Adult and Child/Adolescent Advanced Psychodynamic Psychotherapy

Distance Learning is available via video-conferencing for all ACAPP classes.

Gail Vanlangen, Ph.D.

Co-Chair, Admissions Committee; Director, ACAPPgailvanlangen@gmail.com(734) 622-9885
When:September to May
Mondays 6:45 – 9:45 p.m.
Where:Ann Arbor and Farmington Hills as scheduled
Application Deadline:June 30th every year
Tuition:$2520 ($1260 for Developmental Sequence only) + $200 MPS dues
ACAPP students are required to join the Michigan Psychoanalytic Society, dues $200/year. Includes access to PEP-Web, a comprehensive database of articles on psychoanalysis, readings and symposium registration.

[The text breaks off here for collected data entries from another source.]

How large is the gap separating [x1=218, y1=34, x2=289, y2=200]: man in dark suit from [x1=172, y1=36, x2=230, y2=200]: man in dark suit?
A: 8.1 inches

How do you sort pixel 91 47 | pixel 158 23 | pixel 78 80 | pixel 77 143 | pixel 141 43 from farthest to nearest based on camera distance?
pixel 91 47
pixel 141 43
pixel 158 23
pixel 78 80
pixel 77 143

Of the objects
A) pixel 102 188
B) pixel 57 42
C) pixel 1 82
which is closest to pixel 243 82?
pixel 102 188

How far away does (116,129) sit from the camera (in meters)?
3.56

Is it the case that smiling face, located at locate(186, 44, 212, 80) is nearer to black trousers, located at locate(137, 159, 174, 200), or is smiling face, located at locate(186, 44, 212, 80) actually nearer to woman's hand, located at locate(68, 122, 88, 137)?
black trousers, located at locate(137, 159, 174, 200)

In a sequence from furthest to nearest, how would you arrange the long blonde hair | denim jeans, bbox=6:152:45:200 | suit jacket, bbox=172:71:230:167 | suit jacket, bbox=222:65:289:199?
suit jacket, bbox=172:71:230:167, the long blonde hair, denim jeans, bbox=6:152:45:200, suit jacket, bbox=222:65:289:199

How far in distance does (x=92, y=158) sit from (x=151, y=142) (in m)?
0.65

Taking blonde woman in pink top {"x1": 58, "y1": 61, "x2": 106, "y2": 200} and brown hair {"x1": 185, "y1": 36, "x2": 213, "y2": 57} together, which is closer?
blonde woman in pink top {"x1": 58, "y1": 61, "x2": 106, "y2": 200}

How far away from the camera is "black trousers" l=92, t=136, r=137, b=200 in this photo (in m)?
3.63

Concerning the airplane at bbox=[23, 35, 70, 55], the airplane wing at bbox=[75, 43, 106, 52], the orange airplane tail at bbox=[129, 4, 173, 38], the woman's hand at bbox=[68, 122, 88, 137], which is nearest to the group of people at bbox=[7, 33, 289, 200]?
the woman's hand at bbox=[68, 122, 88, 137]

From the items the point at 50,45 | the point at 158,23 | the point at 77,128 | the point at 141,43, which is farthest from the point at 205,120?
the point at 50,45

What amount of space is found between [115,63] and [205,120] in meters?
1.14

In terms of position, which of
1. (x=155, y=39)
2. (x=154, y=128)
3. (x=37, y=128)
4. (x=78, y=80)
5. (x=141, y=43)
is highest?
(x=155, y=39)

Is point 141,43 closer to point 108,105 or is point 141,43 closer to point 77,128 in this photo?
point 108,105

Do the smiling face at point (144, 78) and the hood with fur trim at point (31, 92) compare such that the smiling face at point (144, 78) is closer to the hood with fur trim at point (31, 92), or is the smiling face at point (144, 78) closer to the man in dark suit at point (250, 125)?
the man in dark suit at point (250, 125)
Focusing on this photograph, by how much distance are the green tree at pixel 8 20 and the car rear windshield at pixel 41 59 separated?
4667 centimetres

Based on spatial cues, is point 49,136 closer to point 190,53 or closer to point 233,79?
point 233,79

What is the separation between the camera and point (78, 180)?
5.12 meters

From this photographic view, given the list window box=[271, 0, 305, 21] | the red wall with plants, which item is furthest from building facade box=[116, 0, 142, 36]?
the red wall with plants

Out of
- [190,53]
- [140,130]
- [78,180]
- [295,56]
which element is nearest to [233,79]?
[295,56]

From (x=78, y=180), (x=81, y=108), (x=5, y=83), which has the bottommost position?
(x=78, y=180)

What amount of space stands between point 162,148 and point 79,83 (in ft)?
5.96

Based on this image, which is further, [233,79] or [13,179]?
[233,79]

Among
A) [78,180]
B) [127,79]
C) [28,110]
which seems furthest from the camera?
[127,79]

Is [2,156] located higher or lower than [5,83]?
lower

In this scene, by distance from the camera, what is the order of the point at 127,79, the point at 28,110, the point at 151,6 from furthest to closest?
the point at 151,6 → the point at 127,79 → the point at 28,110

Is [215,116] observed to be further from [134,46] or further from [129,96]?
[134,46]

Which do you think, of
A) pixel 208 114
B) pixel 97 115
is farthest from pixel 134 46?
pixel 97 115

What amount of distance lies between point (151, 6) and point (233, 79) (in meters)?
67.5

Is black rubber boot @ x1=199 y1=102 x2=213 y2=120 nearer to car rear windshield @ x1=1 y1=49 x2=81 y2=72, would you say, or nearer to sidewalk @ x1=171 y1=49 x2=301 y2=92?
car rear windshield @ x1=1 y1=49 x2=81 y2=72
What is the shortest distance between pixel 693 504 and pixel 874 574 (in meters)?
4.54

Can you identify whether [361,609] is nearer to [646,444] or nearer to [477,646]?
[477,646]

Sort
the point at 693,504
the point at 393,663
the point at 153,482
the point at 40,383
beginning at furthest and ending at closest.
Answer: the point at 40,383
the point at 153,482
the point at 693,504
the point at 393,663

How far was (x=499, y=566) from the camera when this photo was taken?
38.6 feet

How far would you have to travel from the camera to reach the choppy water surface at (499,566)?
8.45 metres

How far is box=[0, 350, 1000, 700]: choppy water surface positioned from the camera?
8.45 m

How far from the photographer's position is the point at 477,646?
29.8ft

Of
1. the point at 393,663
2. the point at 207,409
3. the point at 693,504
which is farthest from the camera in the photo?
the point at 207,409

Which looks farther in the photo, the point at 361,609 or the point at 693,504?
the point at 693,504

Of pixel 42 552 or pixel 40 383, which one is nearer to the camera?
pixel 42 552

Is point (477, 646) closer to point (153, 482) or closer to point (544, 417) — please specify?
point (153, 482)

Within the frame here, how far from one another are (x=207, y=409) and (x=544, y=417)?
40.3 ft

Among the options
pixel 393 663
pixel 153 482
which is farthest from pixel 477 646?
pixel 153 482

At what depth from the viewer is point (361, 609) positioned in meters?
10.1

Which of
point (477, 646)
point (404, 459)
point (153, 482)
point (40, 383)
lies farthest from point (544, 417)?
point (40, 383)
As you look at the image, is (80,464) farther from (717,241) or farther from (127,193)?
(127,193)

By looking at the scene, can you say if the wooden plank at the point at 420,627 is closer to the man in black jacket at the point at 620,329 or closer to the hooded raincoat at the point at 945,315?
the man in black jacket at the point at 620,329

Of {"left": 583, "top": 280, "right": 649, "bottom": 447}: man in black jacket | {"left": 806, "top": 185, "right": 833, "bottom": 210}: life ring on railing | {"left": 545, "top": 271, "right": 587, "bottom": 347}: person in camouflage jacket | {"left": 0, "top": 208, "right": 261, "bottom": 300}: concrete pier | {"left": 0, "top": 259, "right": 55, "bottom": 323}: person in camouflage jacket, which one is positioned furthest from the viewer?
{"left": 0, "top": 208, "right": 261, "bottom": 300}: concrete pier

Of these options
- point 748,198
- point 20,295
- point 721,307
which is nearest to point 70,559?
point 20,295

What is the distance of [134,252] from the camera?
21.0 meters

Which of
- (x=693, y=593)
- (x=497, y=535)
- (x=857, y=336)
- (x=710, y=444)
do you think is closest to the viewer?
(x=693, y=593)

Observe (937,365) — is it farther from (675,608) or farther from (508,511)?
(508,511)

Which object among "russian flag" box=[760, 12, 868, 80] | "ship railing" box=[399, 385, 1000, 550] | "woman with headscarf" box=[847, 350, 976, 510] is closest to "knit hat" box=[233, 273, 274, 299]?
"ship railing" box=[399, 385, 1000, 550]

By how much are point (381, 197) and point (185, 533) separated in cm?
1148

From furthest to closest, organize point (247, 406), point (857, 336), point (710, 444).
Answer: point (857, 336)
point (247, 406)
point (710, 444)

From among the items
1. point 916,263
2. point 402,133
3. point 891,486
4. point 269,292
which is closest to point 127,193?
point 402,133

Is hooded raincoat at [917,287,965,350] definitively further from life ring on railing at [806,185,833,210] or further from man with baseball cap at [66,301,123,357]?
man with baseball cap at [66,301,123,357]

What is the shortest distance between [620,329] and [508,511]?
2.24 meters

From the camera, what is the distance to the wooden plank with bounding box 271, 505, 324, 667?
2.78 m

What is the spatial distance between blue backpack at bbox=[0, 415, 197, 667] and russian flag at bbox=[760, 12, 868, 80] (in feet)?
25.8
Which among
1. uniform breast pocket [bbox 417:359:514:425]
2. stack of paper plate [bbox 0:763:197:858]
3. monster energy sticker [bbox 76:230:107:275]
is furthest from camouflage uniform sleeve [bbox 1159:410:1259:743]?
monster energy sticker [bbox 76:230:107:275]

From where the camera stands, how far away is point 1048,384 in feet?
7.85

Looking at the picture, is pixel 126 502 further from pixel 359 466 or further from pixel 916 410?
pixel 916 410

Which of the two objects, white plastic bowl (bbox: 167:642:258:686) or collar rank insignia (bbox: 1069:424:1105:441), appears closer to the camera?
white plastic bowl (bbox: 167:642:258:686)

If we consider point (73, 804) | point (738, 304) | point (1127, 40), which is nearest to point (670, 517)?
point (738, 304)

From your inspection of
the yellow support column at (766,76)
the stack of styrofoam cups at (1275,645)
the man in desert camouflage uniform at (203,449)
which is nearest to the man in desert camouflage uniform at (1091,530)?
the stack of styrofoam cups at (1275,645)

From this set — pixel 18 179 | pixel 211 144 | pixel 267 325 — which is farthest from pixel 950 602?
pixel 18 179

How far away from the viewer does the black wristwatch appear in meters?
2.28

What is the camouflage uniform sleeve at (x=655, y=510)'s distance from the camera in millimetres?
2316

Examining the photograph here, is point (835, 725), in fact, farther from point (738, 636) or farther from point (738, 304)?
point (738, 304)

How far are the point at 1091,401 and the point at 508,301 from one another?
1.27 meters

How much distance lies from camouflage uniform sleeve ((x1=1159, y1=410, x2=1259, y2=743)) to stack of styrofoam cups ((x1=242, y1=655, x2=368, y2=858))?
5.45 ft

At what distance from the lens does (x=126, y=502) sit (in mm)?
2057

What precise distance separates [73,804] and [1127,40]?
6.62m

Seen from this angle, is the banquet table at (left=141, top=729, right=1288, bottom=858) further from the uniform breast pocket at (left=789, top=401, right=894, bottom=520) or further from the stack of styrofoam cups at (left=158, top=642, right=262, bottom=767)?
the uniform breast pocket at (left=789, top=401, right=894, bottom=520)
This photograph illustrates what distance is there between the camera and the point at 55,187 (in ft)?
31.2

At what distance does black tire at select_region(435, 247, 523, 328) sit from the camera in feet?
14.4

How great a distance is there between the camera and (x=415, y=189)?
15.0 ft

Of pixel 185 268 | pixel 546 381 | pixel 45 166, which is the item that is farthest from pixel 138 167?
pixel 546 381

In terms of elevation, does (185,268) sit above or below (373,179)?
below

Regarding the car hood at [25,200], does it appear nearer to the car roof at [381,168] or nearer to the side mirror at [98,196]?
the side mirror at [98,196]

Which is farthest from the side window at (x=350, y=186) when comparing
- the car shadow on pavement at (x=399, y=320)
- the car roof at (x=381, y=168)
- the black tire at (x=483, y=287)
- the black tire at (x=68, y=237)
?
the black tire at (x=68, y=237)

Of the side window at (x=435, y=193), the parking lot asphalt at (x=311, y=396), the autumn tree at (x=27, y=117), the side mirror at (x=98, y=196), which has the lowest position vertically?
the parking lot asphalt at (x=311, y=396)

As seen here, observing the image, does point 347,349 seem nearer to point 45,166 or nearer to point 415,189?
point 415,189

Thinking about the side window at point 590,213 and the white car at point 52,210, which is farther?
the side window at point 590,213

Adult and Child/Adolescent Advanced Psychodynamic Psychotherapy

ACAPP is a one- to three-year program, designed to improve therapists’ clinical skills and to demonstrate the usefulness of applying contemporary analytic thinking in a wide variety of situations. ACAPP welcomes social workers, psychologists (including interns), psychiatrists (including residents), psychiatric nurses, and other qualified professionals. This program may also be of interest to non-mental health professionals who wish to apply the psychodynamic perspective to their own field of work. Certificates are given to students completing at least two years. Distance learners can attend the program through video-conferencing.

Curriculum

The ACAPP curriculum integrates theory with technique to explore how people think, make choices, adapt to inner conflicts, and relate to others. Courses are taught through the lens of multiple psychoanalytic perspectives with an eye towards treatment implications and application. There are four sequences of classes, the Developmental Sequence, the Assessment and Beginning Treatment Sequence, the Adult Topics Sequence and the Child Topics Sequence.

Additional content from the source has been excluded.